### Material supplied
%%

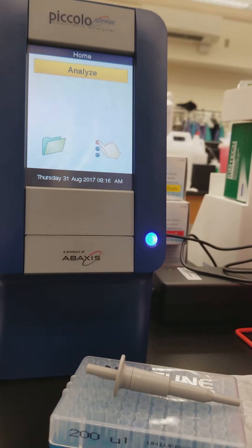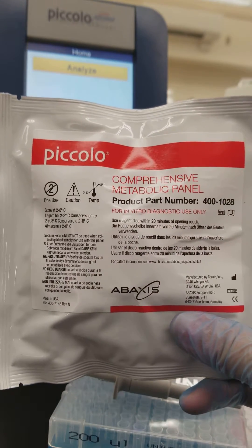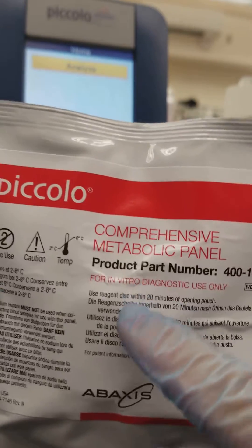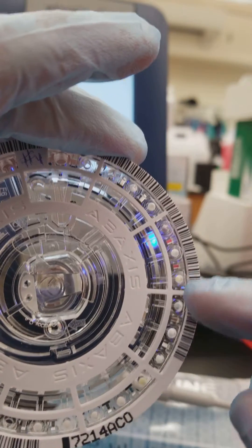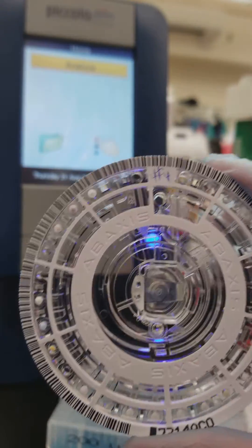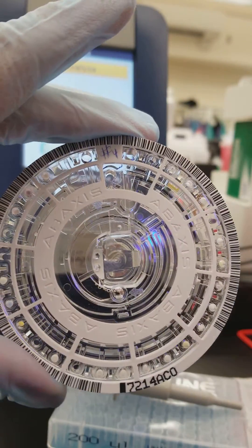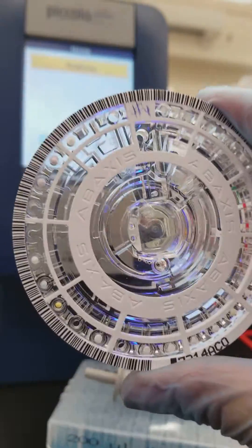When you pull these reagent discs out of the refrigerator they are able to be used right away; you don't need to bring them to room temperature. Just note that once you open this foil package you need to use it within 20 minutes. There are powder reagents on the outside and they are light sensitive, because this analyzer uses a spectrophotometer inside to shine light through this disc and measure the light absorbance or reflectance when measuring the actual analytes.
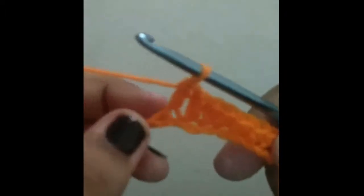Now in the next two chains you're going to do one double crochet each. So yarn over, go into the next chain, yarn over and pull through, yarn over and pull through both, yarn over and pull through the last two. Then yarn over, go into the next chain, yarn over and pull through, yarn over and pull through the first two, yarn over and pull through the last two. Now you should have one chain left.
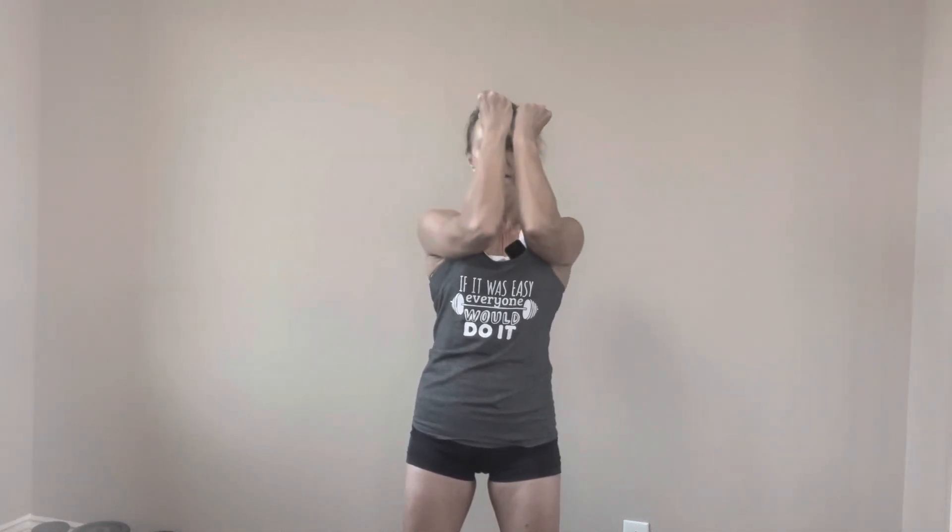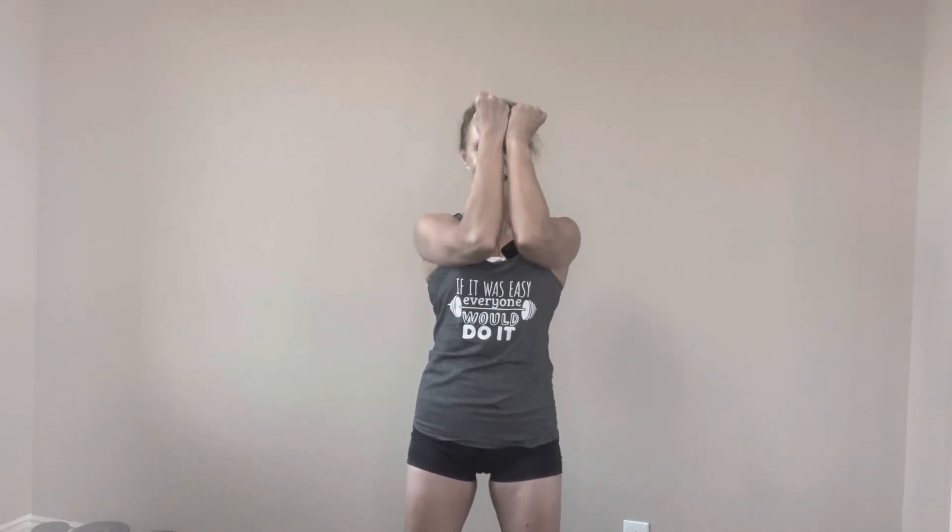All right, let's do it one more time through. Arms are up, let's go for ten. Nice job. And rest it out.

%%
%%

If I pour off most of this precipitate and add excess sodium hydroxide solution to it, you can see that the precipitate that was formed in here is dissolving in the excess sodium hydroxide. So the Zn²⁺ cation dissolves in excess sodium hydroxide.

%%

### Your assignment
Above are some records; extract exactly the lines from the one containing "When you pull" through the one containing "All right, let's" and drop the pictures.

### Exercise result
When you pull these reagent discs out of the refrigerator they are able to be used right away; you don't need to bring them to room temperature. Just note that once you open this foil package you need to use it within 20 minutes. There are powder reagents on the outside and they are light sensitive, because this analyzer uses a spectrophotometer inside to shine light through this disc and measure the light absorbance or reflectance when measuring the actual analytes.
Now in the next two chains you're going to do one double crochet each. So yarn over, go into the next chain, yarn over and pull through, yarn over and pull through both, yarn over and pull through the last two. Then yarn over, go into the next chain, yarn over and pull through, yarn over and pull through the first two, yarn over and pull through the last two. Now you should have one chain left.
All right, let's do it one more time through. Arms are up, let's go for ten. Nice job. And rest it out.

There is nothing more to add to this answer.